- **Data supplied**

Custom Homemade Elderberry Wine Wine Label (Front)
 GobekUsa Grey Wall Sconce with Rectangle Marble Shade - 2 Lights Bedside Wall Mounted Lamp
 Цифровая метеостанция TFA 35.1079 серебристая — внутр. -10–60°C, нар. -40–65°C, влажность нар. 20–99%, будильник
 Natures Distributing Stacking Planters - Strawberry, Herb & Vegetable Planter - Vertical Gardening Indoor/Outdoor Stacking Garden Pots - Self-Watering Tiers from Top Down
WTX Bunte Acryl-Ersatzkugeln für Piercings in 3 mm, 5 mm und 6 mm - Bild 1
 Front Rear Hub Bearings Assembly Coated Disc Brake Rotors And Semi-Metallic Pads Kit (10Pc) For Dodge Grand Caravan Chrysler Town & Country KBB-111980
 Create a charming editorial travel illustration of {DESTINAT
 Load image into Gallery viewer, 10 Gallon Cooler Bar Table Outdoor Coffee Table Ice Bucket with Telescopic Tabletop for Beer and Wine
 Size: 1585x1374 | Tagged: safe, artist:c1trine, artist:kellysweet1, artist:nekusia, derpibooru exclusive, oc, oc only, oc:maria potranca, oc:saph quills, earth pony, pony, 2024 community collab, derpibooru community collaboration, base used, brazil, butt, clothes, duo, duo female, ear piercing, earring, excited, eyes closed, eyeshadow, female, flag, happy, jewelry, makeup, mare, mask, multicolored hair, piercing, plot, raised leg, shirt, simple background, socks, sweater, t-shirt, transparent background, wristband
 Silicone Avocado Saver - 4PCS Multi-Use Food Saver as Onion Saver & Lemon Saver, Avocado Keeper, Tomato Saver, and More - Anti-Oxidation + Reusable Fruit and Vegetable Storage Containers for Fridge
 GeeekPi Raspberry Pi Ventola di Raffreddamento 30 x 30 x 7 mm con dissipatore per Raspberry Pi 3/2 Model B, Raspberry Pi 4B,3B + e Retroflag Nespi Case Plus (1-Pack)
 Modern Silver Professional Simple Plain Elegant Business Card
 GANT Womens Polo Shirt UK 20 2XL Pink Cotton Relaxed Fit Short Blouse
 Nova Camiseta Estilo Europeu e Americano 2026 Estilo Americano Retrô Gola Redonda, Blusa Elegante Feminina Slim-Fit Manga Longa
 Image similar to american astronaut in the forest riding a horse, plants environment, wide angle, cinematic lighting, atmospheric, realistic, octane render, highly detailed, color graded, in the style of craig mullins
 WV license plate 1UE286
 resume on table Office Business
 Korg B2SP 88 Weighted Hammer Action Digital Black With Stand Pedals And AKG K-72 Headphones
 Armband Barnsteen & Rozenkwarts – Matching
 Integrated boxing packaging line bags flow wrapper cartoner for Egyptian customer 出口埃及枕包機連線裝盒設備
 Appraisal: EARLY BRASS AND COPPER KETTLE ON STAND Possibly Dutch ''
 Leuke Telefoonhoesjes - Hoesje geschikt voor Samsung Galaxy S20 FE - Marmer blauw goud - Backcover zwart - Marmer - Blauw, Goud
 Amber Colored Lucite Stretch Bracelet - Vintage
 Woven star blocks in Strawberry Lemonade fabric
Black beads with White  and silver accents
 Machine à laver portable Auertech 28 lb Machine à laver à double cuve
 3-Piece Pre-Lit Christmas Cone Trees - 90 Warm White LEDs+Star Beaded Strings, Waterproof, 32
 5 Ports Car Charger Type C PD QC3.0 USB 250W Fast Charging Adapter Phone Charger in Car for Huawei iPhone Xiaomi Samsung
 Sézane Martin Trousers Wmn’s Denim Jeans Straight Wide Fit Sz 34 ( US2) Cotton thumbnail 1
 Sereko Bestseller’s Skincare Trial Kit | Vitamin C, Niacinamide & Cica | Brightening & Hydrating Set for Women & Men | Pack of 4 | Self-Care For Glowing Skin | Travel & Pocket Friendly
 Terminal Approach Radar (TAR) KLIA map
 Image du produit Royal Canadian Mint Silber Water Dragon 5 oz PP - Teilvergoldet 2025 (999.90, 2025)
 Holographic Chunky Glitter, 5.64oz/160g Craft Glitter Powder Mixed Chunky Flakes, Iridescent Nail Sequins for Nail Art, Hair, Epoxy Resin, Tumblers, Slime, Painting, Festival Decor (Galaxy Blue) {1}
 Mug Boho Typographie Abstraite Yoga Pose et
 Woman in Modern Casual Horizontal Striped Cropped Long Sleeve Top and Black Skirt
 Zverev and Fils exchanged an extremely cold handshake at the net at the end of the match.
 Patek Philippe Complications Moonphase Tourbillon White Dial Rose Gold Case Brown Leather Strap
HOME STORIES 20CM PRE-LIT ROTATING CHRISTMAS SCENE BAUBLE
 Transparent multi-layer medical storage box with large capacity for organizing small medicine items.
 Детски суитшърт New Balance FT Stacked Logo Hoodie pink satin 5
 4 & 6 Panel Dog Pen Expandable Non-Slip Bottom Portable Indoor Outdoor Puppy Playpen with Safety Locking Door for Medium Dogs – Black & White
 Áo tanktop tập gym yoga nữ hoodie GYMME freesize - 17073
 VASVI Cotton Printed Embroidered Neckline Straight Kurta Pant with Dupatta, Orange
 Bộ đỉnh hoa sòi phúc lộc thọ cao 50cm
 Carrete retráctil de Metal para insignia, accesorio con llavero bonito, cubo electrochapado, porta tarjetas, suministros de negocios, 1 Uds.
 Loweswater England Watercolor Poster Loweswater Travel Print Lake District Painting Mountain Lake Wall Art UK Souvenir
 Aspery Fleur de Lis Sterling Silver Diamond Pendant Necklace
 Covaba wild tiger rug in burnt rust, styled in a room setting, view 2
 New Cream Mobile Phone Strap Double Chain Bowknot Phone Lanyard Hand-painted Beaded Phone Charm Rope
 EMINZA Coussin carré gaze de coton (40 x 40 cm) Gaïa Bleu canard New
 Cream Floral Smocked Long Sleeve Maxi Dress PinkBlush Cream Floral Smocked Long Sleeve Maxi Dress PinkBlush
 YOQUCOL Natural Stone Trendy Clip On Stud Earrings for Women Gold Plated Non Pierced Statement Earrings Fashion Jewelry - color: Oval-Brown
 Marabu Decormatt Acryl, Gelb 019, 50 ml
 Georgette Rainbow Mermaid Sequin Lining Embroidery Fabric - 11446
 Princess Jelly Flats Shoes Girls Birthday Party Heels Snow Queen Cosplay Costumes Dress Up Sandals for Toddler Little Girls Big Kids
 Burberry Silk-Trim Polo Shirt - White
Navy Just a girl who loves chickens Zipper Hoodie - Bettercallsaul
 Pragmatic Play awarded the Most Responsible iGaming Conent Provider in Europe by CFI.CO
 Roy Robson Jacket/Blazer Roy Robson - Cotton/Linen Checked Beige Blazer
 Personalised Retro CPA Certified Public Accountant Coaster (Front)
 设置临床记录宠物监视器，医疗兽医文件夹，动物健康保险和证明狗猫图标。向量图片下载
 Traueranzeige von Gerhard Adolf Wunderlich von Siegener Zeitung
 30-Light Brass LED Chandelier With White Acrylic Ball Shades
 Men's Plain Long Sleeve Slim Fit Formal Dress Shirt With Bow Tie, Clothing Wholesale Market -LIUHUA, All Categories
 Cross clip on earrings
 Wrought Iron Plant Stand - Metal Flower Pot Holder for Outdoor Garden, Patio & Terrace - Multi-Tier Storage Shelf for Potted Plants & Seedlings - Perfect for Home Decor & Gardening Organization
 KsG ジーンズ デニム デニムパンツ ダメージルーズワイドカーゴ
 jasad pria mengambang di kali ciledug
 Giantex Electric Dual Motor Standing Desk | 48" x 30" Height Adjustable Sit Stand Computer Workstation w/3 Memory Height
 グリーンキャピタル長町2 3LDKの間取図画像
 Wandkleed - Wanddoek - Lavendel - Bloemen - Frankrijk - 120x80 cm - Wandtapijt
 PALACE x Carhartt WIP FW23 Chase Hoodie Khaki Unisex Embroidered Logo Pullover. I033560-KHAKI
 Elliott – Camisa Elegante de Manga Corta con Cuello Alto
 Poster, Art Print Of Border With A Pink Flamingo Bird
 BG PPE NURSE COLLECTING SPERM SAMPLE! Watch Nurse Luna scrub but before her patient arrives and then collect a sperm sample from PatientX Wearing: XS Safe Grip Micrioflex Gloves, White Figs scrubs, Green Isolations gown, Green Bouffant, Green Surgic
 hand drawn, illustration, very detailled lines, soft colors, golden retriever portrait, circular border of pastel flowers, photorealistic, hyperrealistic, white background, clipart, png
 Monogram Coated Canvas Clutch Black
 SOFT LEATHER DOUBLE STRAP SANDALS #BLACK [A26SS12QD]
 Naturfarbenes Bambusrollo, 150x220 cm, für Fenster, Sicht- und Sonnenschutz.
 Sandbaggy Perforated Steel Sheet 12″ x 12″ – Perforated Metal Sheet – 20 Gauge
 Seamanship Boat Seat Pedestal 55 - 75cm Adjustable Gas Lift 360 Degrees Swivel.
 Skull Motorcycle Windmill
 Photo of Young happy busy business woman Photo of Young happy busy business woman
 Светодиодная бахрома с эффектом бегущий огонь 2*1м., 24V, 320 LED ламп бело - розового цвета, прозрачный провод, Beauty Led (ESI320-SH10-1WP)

- **Exercise requirements**
Print exactly the lines above, between the one holding "Navy Just a" and the one holding "Traueranzeige von Gerhard", inclusive, and nothing besides.

- **Task output**
Navy Just a girl who loves chickens Zipper Hoodie - Bettercallsaul
 Pragmatic Play awarded the Most Responsible iGaming Conent Provider in Europe by CFI.CO
 Roy Robson Jacket/Blazer Roy Robson - Cotton/Linen Checked Beige Blazer
 Personalised Retro CPA Certified Public Accountant Coaster (Front)
 设置临床记录宠物监视器，医疗兽医文件夹，动物健康保险和证明狗猫图标。向量图片下载
 Traueranzeige von Gerhard Adolf Wunderlich von Siegener Zeitung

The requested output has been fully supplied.